Conflict between the identification of cosmic neutrino source and the sensitivity to mixing angles in neutrino telescope
Ggyoung-Riun Hwang, Kim Siyeon

TL;DR
This paper discusses the challenge of simultaneously identifying cosmic neutrino sources and measuring neutrino mixing angles, highlighting the mutual dependence and degeneracy in their determination.
Contribution
It analyzes the conflict between source identification and mixing angle sensitivity in neutrino telescopes, proposing the use of long baseline oscillation probabilities as a complementary approach.
Findings
Neutrino fluxes depend on initial fluxes and flavor mixing.
Source identification and mixing angle measurement are mutually dependent.

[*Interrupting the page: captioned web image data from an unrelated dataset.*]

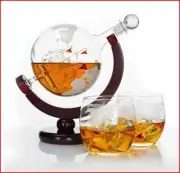 Brand new whiskey decanter set globe including 2 glasses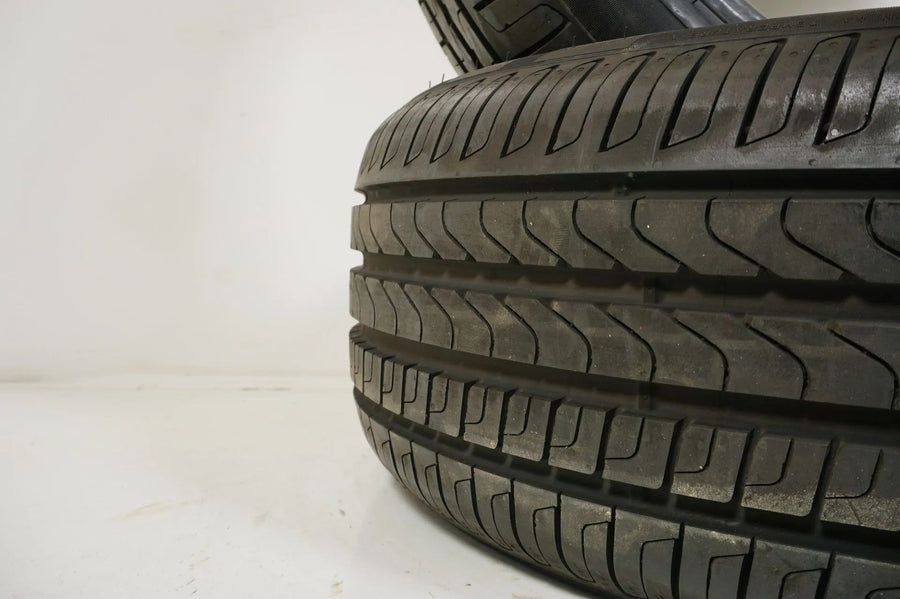 2 pneus été quasi neufs Pirelli DOT18 MO 235/50/20 pouces
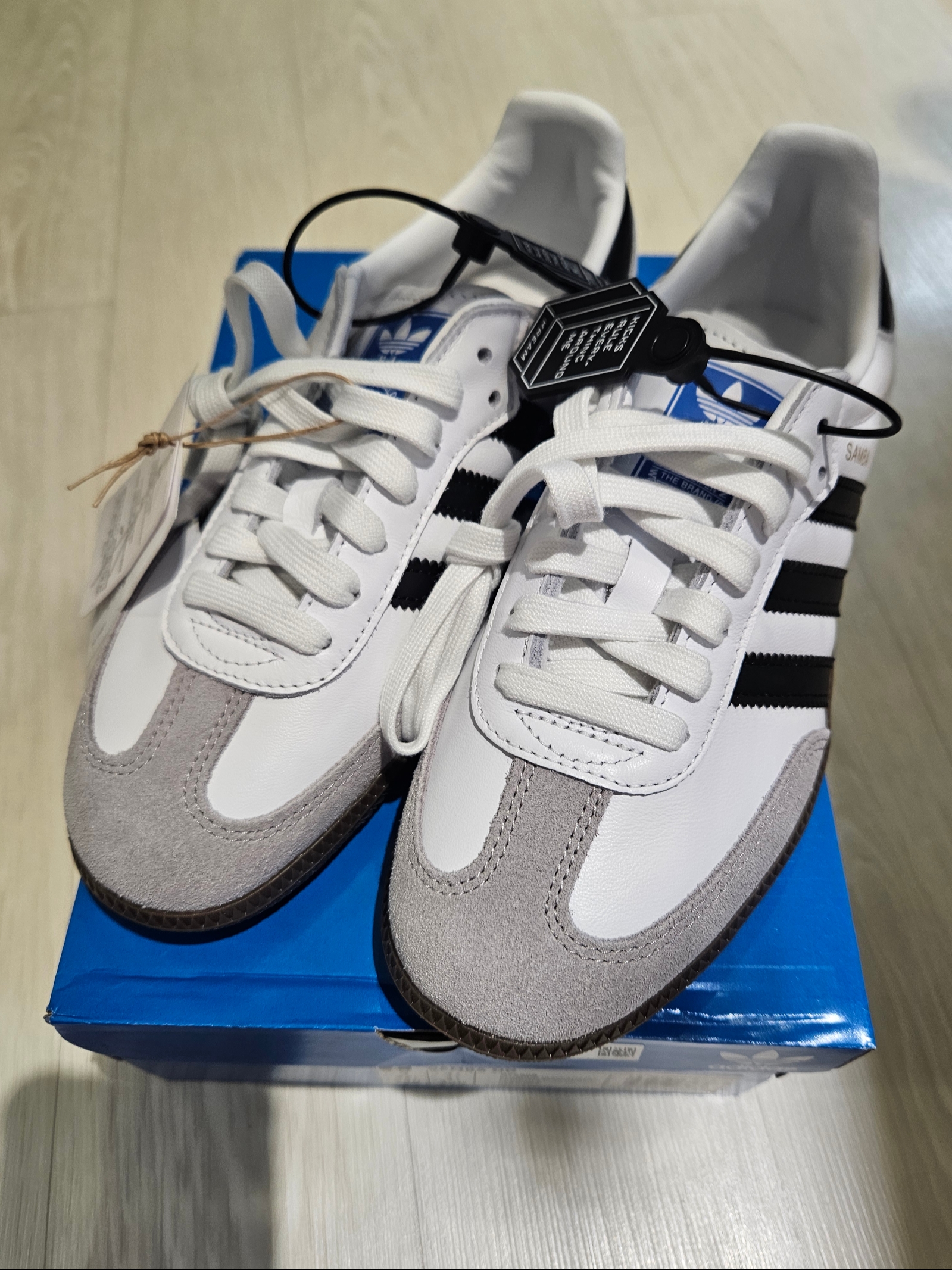 Adidas Samba OG Cloud White 착용 스타일 - 1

Long baseline oscillation probabilities can help resolve degeneracies.
Abstract
Neutrino fluxes at telescopes depend on both initial fluxes out of astronomical bursts and flavor mixing during their travel to the earth. However, since the information on the initial composition requires better precision in mixing angles and vice versa, the neutrino detection at telescopes for itself cannot provide solutions to the both problems. Thus, a probability to be measured at long baseline oscillation is considered as a complement to the telescope, and problems like source identification and parameter degeneracy are examined under a few assumptions.